DATASET SECTION ->
※

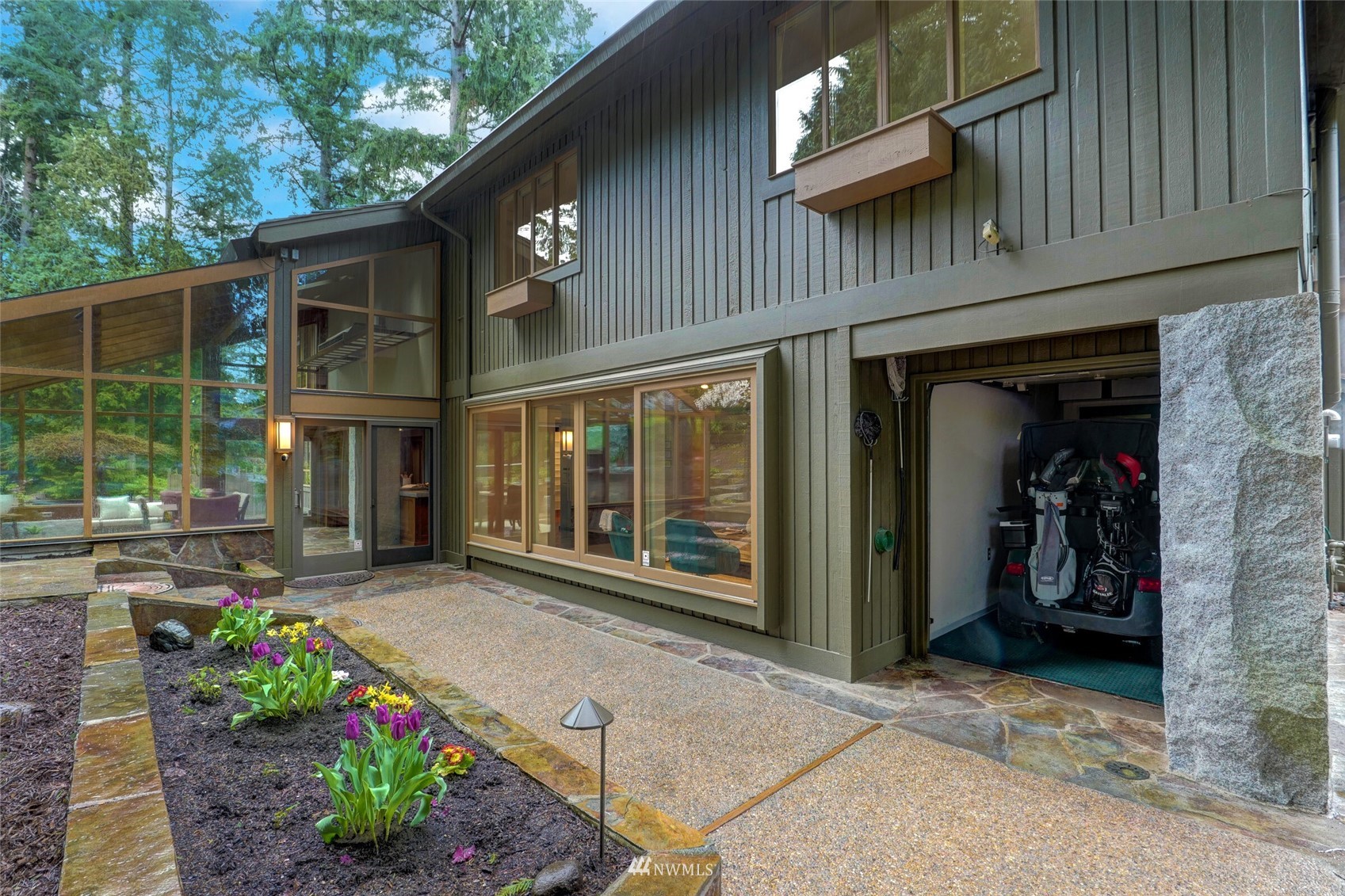 2315 216th Place Northeast Sammamish, WA 98074 - Photo 32 of 38 a view of a house with a potted plant and floor to ceiling window and potted plants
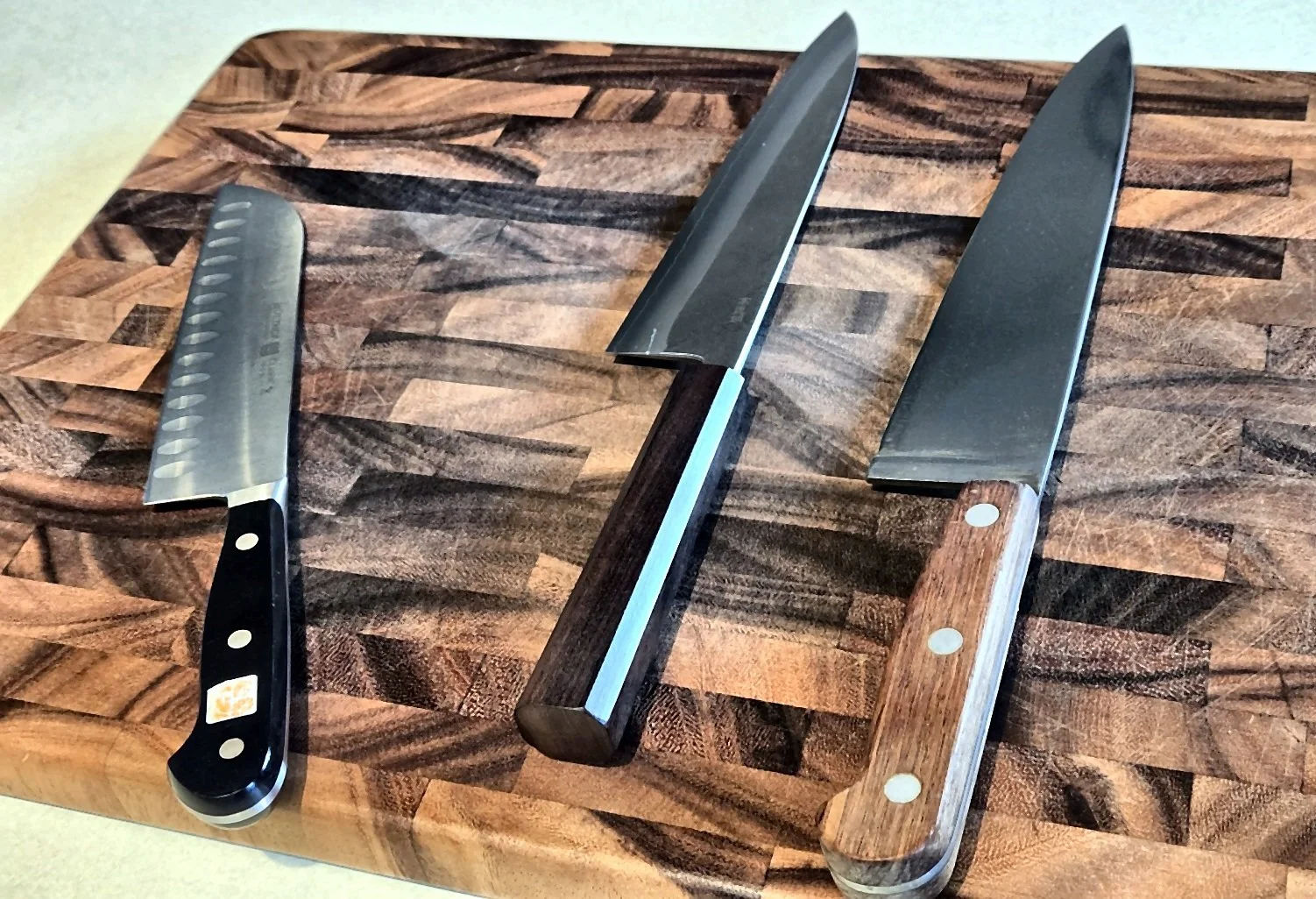 Three finished kitchen knives arranged on a wooden cutting board.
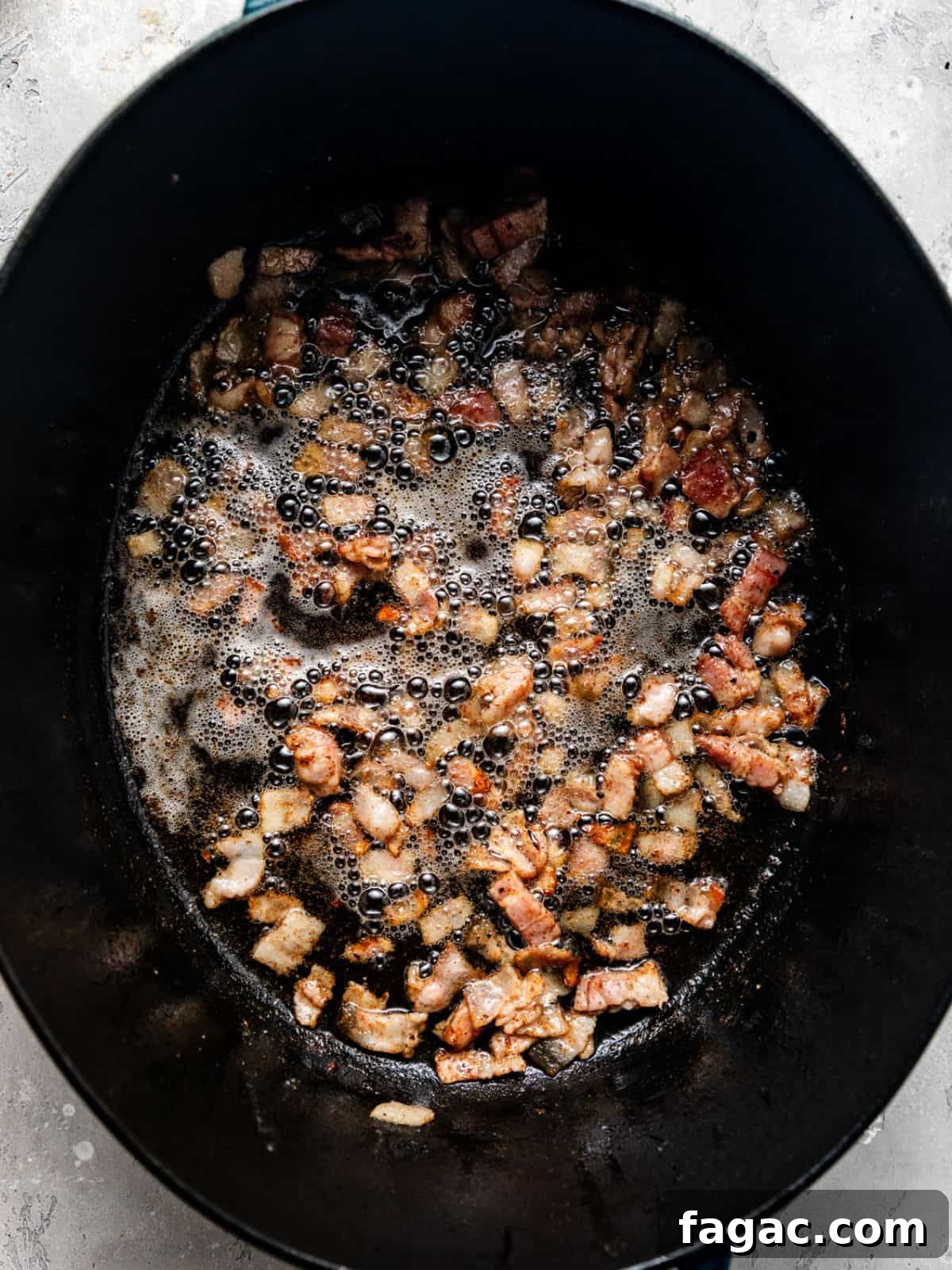 bacon cooked in a large pot.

※

DESCRIPTION OF THE TASK -> Go through the listing above and quote it exactly, apart from its images.

ANSWER TO THIS PROBLEM ->
 2315 216th Place Northeast Sammamish, WA 98074 - Photo 32 of 38 a view of a house with a potted plant and floor to ceiling window and potted plants
 Three finished kitchen knives arranged on a wooden cutting board.
 bacon cooked in a large pot.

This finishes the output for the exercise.